→ Data to use
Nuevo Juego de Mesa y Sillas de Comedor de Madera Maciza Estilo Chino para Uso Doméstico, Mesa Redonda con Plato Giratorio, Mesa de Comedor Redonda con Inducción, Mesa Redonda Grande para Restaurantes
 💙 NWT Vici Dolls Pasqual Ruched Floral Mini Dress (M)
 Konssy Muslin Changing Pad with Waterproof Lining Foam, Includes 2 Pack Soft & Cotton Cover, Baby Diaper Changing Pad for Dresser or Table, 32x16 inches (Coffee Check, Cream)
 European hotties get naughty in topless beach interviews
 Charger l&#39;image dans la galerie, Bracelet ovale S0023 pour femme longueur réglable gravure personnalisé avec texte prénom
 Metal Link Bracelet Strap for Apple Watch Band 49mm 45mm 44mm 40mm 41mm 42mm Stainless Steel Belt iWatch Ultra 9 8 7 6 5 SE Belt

→ Your goal
There is a line above that contains "Charger l&#39;image dans". Copy it and all later lines through the last, exactly, and leave out the rest.

→ Reply to the task
 Charger l&#39;image dans la galerie, Bracelet ovale S0023 pour femme longueur réglable gravure personnalisé avec texte prénom
 Metal Link Bracelet Strap for Apple Watch Band 49mm 45mm 44mm 40mm 41mm 42mm Stainless Steel Belt iWatch Ultra 9 8 7 6 5 SE Belt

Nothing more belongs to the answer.